**Brief:** Starting at the line that contains "英雄联盟四十级奖励（英雄联盟四十级奖励是什么）", write out every line through the last one in the records below, word for word. Leave out any pictures.

**Exercise materials:**
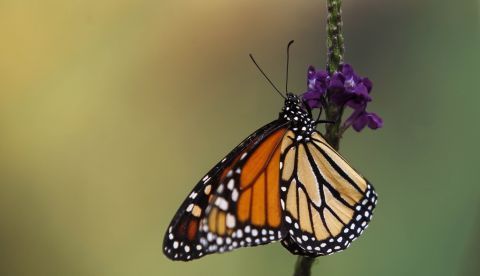 Pueden admirarse las famosas alas naranjas de las mariposas monarca (en la imagen), el impactante estampado de cebra de la "Heliconius charithonia" o el dibujo blanco y negro de la denominada "cometa de papel", entre otras. EFE/Archivo
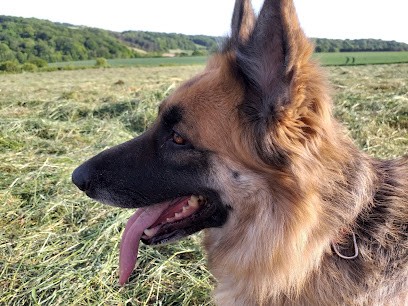 Le Domaine De L'antre Des Loups, Pension pour Chiens à Fontaine-sur-Somme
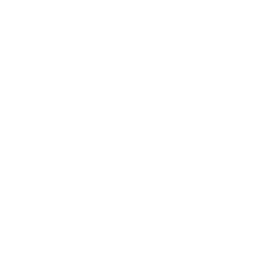 LIS Logo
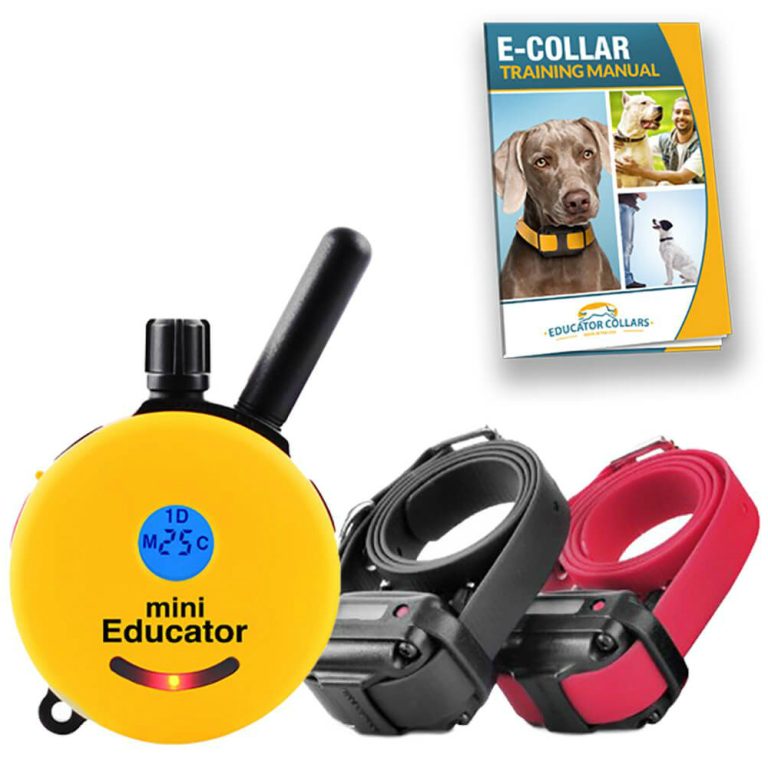 10 Best E-Collars in 2024: Top Picks for Training and Safety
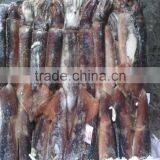 Frozen Seafood Illex Squid 100-150g thumbnail-2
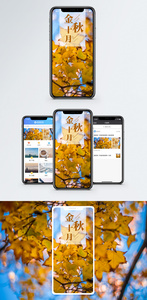 金秋十月手机海报配图图片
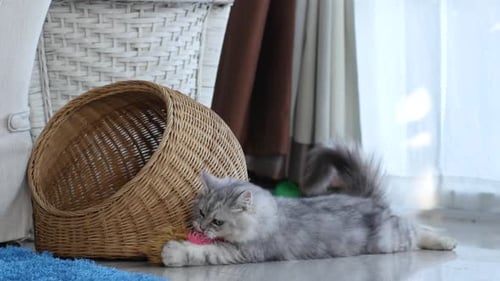 Playful Kitten Batting at Toys Indoors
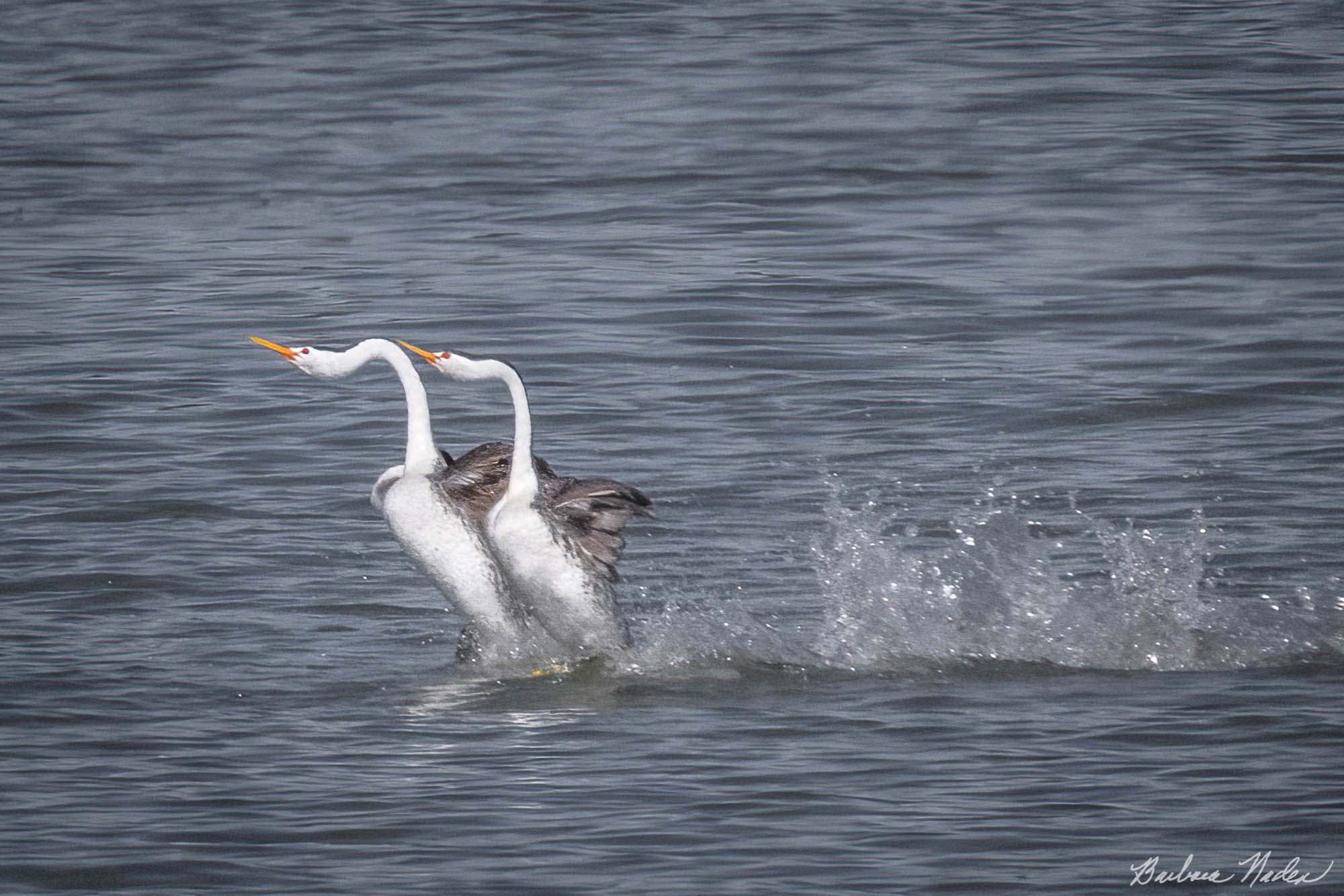 Mating Ritual called "Rushing" - Klamath Falls Area, Oregon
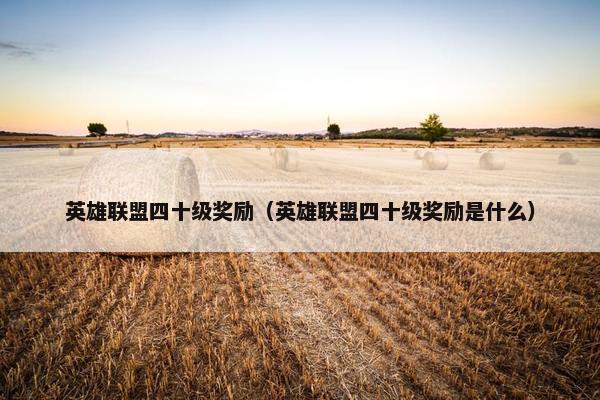 英雄联盟四十级奖励（英雄联盟四十级奖励是什么）
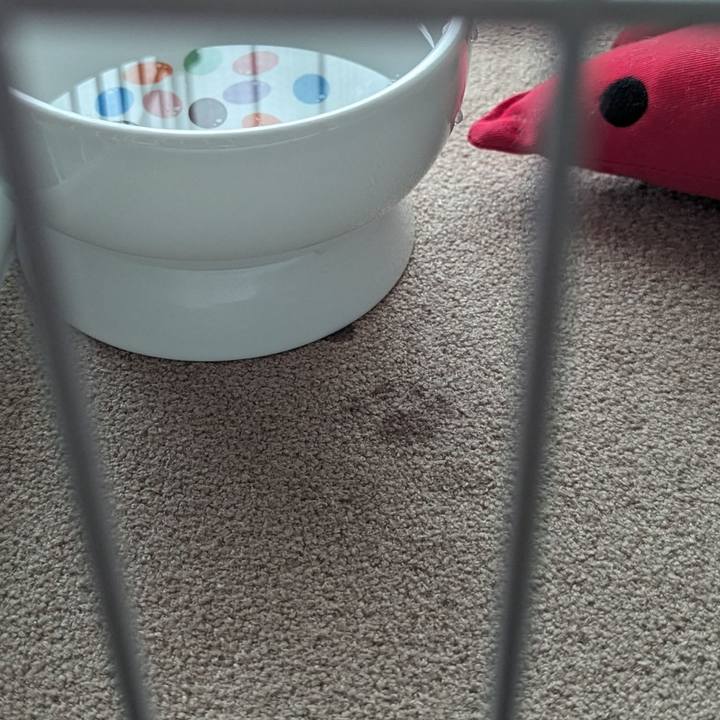 4e87bb65 c7ff 42dc 8707 d23652f56b8e 1699022273536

**Reply to the task:**
 英雄联盟四十级奖励（英雄联盟四十级奖励是什么）
 4e87bb65 c7ff 42dc 8707 d23652f56b8e 1699022273536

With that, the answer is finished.